§ Dataset extract:
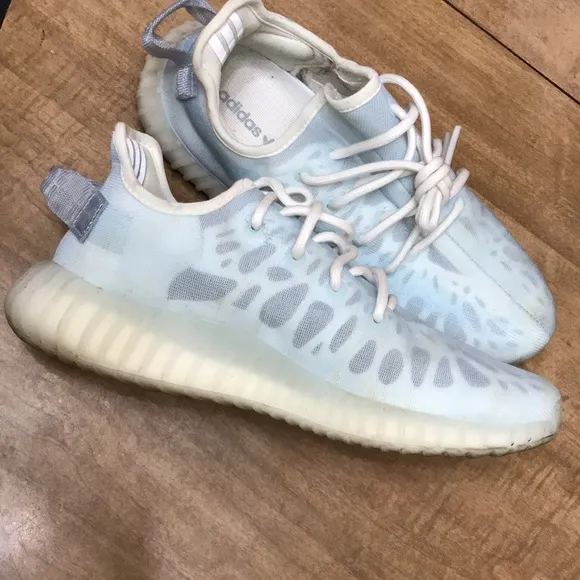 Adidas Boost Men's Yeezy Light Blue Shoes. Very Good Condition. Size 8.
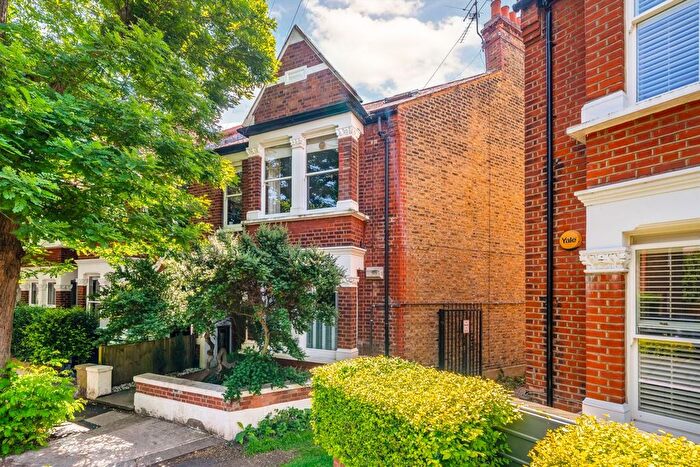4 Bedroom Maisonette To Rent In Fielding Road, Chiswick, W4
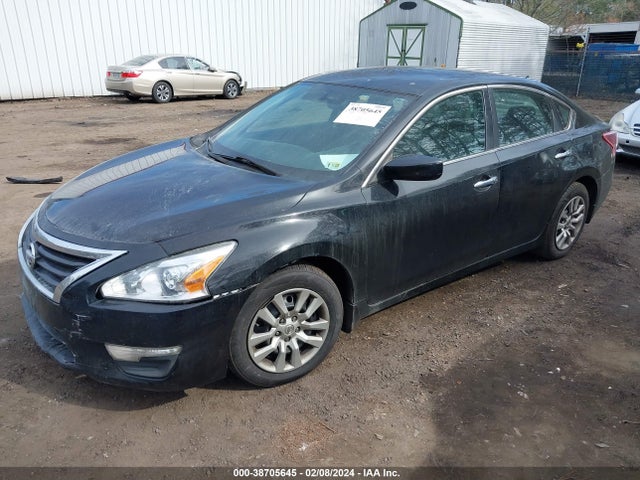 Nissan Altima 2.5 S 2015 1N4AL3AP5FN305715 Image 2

§ Task to carry out:
Give back the entire listing verbatim, without the pictures.

§ Response to this exercise:
 Adidas Boost Men's Yeezy Light Blue Shoes. Very Good Condition. Size 8.
4 Bedroom Maisonette To Rent In Fielding Road, Chiswick, W4
 Nissan Altima 2.5 S 2015 1N4AL3AP5FN305715 Image 2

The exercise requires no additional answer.